Burchuladze had no immediate comment when McClatchy attempted to contact him, and is believed to be performing in Moscow while under investigation at home for alleged embezzlement, a probe he labels political. He did respond to a request for comment.

But Vanetik would have been required to register under FARA, whether or not he was paid to introduce Burchaldze to members of Congress.

“Even if you are pro-bono, under the FARA you have to register,” said Sandler.

Until recently, many might have disregarded FARA’s requirements and not been penalized. A critical report from Justice’s inspector general in September 2016 noted weak enforcement of FARA rules and that the agency had brought just seven criminal FARA cases between 1966 and 2015. It also said 62 percent of FARA filings came late, as was the case with Vanetik.

A bipartisan group of senators last Thursday introduced legislation to create a new FARA enforcement unit within the Justice Department.

Since the October 2017 charges brought against Manafort, more than three dozen firms have registered, a nearly 10 percent increase in the number of active firms registered under the law.

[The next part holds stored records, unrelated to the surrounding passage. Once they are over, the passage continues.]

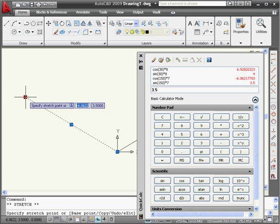This concludes our tutorial on the polar and Cartesian coordinate systems.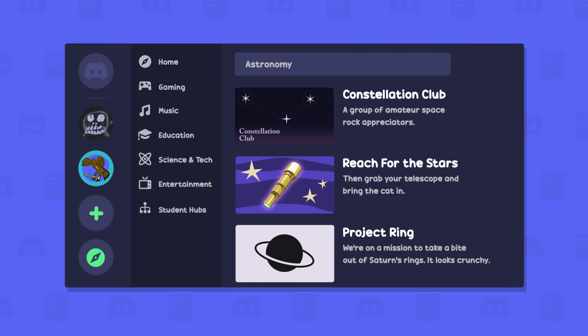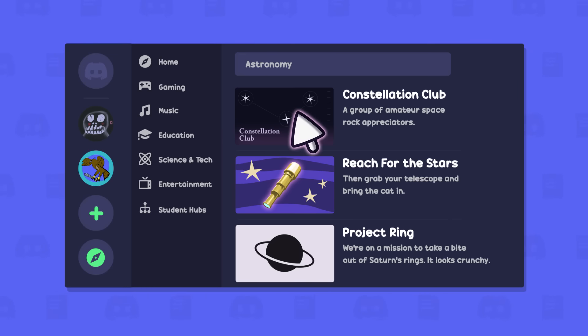After searching, you'll see a list of servers that match, as well as a short description of what the server is all about. Let's check out Constellation Club by clicking on it.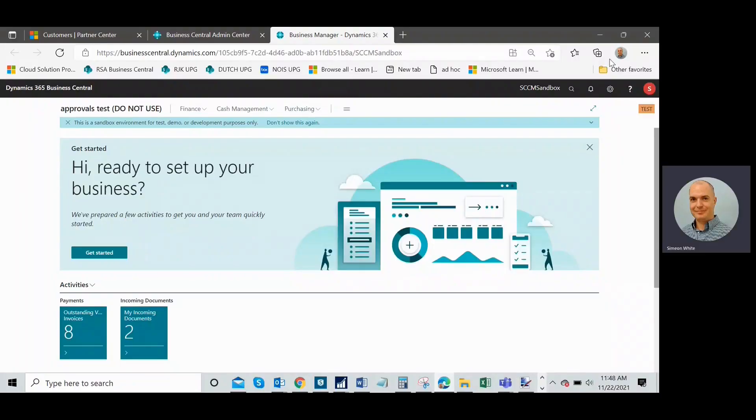Hello, everybody. So I wanted to talk today briefly about permissions in Business Central Online.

Mueller cited the FARA rules again on Feb. 16 when indictments were announced against 13 Russians and three Russian companies for alleged meddling in the 2016 elections. The charging documents noted the Russians’ failure to register.

This screenshot of a social-media posting on Feb. 8, 2017, by fundraiser-turned-lobbyist Yuri Vanetik shows him with ex-Trump campaign boss Paul Manafort at a New York restaurant. Both men lobbied on behalf of Ukrainian politicians.